LA VERDAD NO SUBE LA CUOTA DE PANTALLA por Beatriz Gutiérrez

Ramón Lobo publicaba el 28 de octubre de 2015 un artículo sobre el preocupante panorama actual del periodismo. Periodismo es publicar lo que no quieren que se sepa, decía George Orwell y sin embargo, hoy en día, cada vez encontramos más y más información en los medios que ha sido regalada directamente por diversas entidades políticas, bancarias, empresas etc.

A día de hoy, los medios de comunicación luchan por sobrevivir en un entorno cada vez más hóstil.

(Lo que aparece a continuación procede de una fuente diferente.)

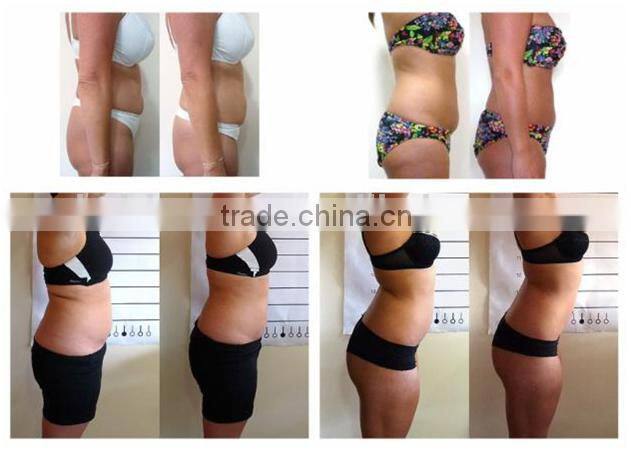 4 Wavelengthes Mitsubishi Diode / 528 diodes Lipo Laser CE Approved/Body Slimming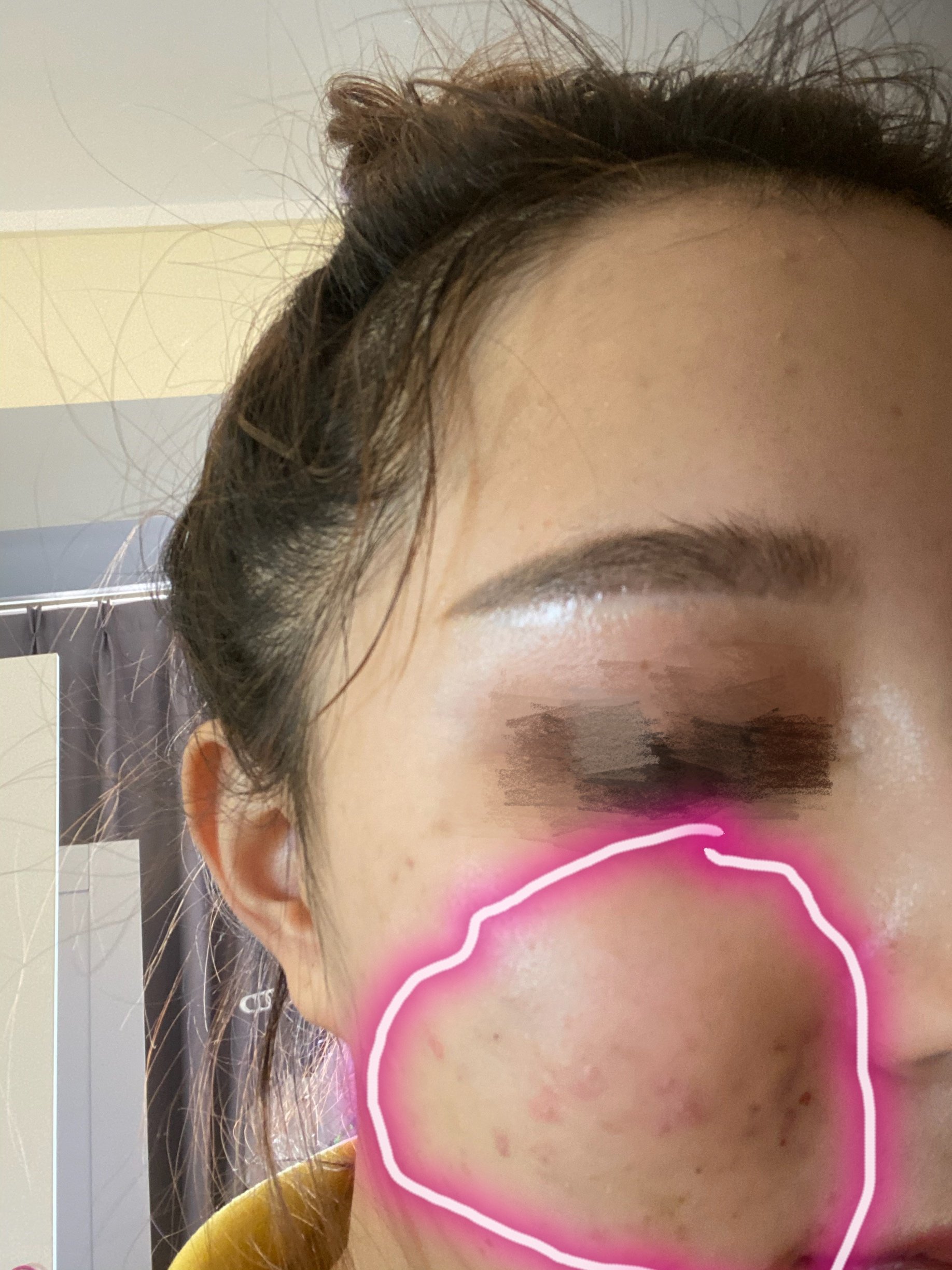 线雕后一个多月了 出现了硬鼓 多出一块肉 有办法解决吗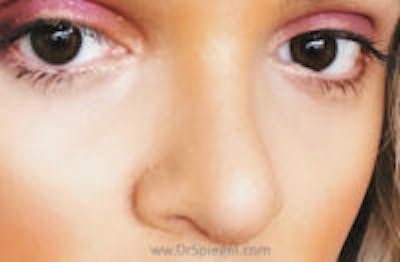 Rhinoplasty Before & After Gallery - Patient 311323 - Image 2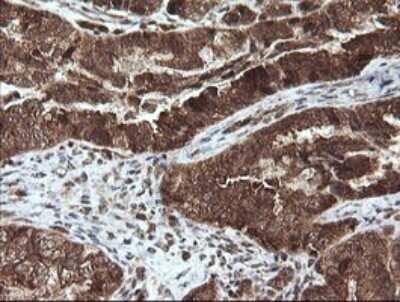 Immunohistochemistry: STK38L Antibody (OTI4D8) [NBP2-45983]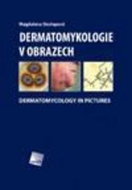 Dermatomykologie v obrazech - Kniha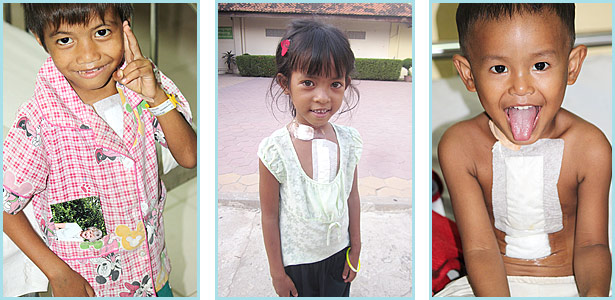 Cambodian children heart patients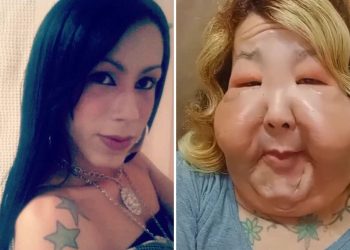 Influencer brasileña inicia tratamiento de recuperación tras procedimiento estético clandestino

Deben de convencer al ciudadano de a pie para que pague por obtener información mientras que en Internet la puede encontrar de manera gratuita (no entremos ahora en la calidad  y veracidad de dicha información) y/o de persuadirlo para que entre en su página web, para que escuche su emisora de radio o vea todos los programas de su canal televisivo para poder sobrevivir. La mayoría de los medios de comunicación no dejan de ser grandes empresas y a la hora de la verdad, a muchos lo que les importa son los puntos de audiencia que se pueden conseguir y como conseguirlos con el menor dinero invertido posible. Es por esto por lo que la calidad del periodismo baja en picado. Vende mucho más una noticia escandalosa, enfocada en los detalles morbosos que una noticia verídica y contada de manera únicamente informativa. Por otra parte, un trabajo de investigación bien hecho conlleva su tiempo y su inversión de dinero. Es mucho mejor para la economía de los medios dedicarse a repetir un comunicado de prensa del jefe de estado. A día de hoy, la información de calidad no le sale rentable a los medios.

Pero echarles la culpa a las grandes empresas de comunicación que hay detrás de los medios no es la solución. Es labor de todos nosotros luchar por un periodismo de calidad denunciando las vulneraciones del derecho a la intimidad de víctimas y verdugos que muchas veces se comete por perseguir ese morbo y ese sensacionalismo. Pero sobre todo, es trabajo de todos los periodistas, luchar por un periodismo de verdad, en el que se cuente lo que de verdad pasa sin tapujos y no se caiga en sensacionalismos ni en repetir como un loro lo que dirigentes políticos, empresas, etc. quieren que digamos.